Щербинин закурил. Вошла Юрьевна с бумагами на подпись, напомнила, что пора обедать, она сейчас пойдет.
— Иди, — разрешил Щербинин, не чувствуя голода: во рту сухость от папирос, покалывает немного печень. — Посетителям скажи, пусть заходят по очереди.
— Двое осталось. Примешь или завтра? — Приму.
Домой Щербинин возвращался к девяти часам.
Глаша встретила его выговором, накормила по горло, и всю ночь снилась невозможная чертовщина: Яка был председателем колхоза и говорил зажигательные речи; Васька Баран в поповском облачении вел бюро райкома и ругал Щербинина и Балагурова; молодая Феня плясала голой в лугах, среди цветов, тряся смуглыми, по-девичьи торчащими грудями; табун лошадей скакал в туче пыли по улице старой Хмелевки; Глаша стояла у его кровати, в ночной рубашке, с распущенными волосами, а маленькая ласка розовым язычком слизывала пот с ее шеи и сучила задними лапками — заплетала косички…
XV
Хмелевская партийно-правительственная делегация, как шутил Балагуров, ехала к соседям в составе семи человек: Иван Балагуров — руководитель делегации, Сергей Межов и Зоя Мытарина — представители от совхоза, Мязгут Киямутдинов и Феня Хромкина — представители колхозов, Градов-Моросинский — представитель Советской власти, Курепчиков — пресса. И был еще восьмой — попутчик из Хмелевки, направляющийся в Москву — ученый сын Баховея Мэлор Романович.
Заняли два купе в плацкартном вагоне. В одном разместились Балагуров, молодой Баховей, Градов-Моросинский и Мязгут, а на боковой полке Курепчиков; в другом, женском, Зоя и Феня, для охраны которых выделили Межова — он молодой, сильный, живет без жены и будет смотреть за женщинами с особым тщанием.
Разместившись, пошли в ресторан обедать. Балагуров был душой общества, постоянно шутил, смеялся и главенства своего не показывал. Перед обедом распили две бутылочки столового вина и потом, сытые, довольные обслуживанием железнодорожников, разошлись по своим купе.
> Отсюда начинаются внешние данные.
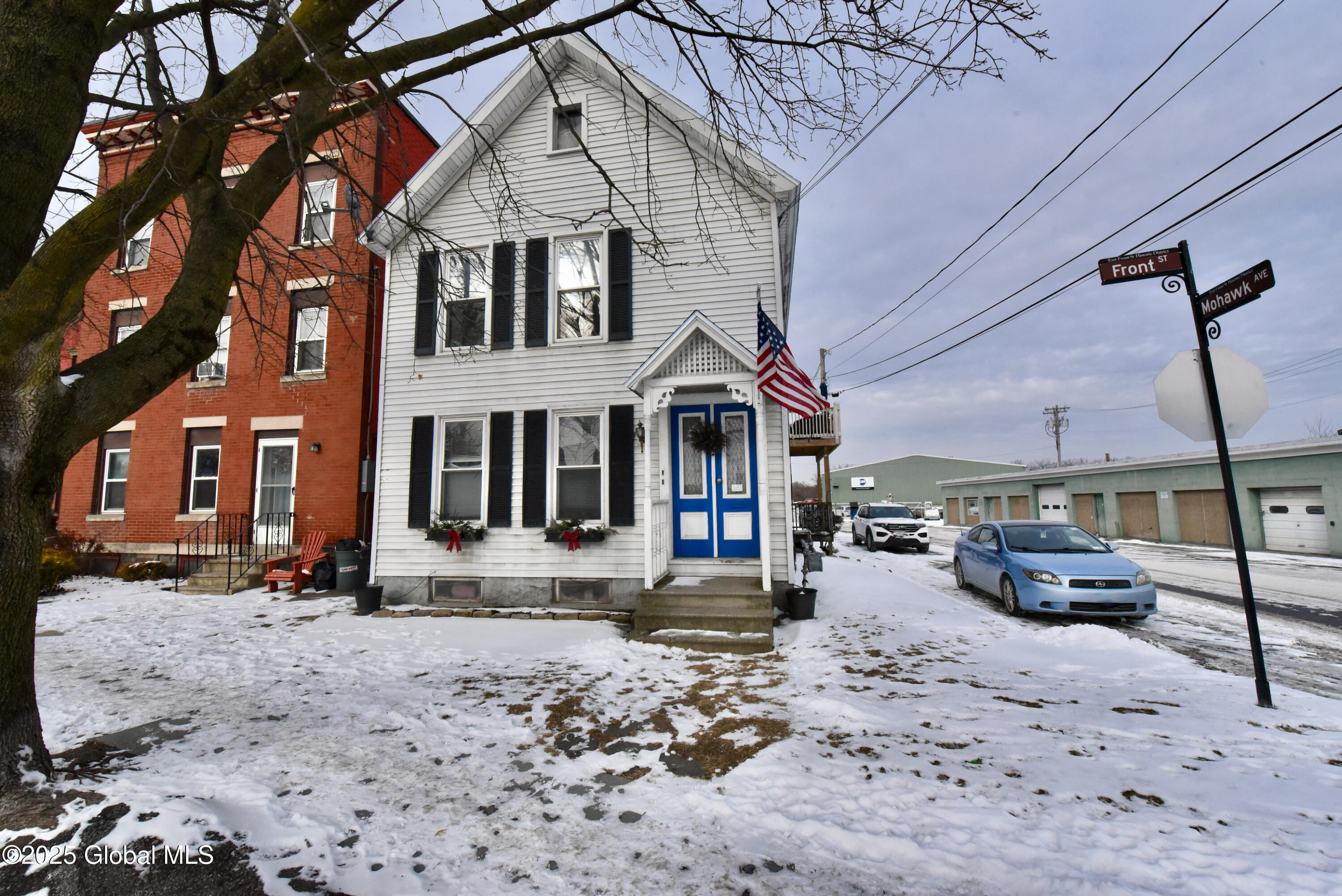 321 Front Street Schenectady, NY 12305 - Photo 1 of 47 3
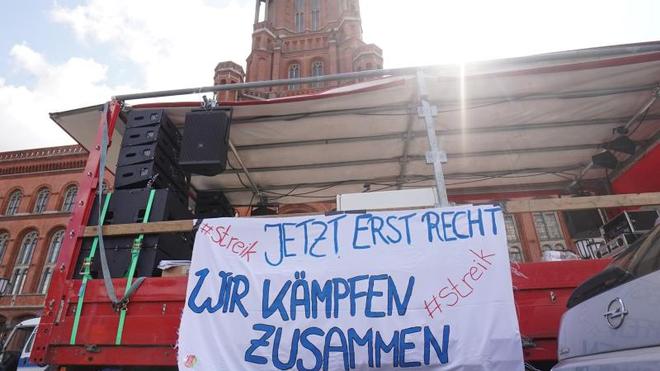 Tarife: Ein Transparent mit der Aufschrift «Jetzt erst recht - wir kämpfen zusammen» ist vor dem Roten Rathaus zu sehen.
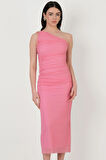 Falchetto Tek Omuz Yanı Büzgülü Midi Abiye Elbise PEMBE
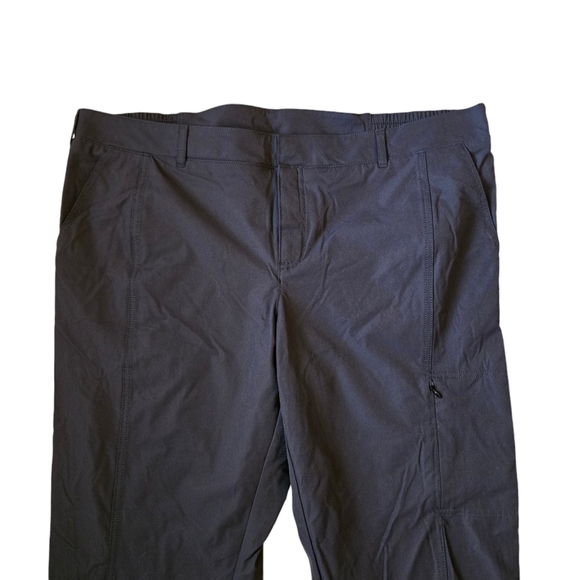 Kirkland Ladies Travel Crop Pant - Picture 3 of 6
До вечера было далеко, еще не улеглось возбуждение от сборов, поездки на двух «козликах» до областного центра, посадки на поезд, но хмелевцы стали разворачивать свои постели, устраиваться основательно, как дома. Градов-Моросинский, молодой Баховей и Курепчиков устроились на своих полках с толстыми книжками, Мязгут, не любивший читать, лежал без дела, Балагуров, вооружившись очками, со вздохом взялся за газеты. Со вздохом потому, что Балагурову хотелось поближе познакомиться с молодым Баховеем, «зятем», которым была очарована его дочь, но он робел его учености, к тому же тот держался с заметным отчуждением. Вероятно, из-за отца.
Во втором купе Зоя с Феней, выставив на время Межова, переоделись, застелили постели и улеглись — Зоя с книжкой, а Феня так, подремать в запас, дома с семьей не больно разоспишься. Межов переоделся в туалете и тоже улегся в свою постель, приготовленную для него Зоей.
— Я за вами и дальше буду ухаживать, — сказала она весело. — Вместо жены. Кабы я была царицей… Я б для батюшки-царя родила богатыря. Согласны, Сергей Николаевич?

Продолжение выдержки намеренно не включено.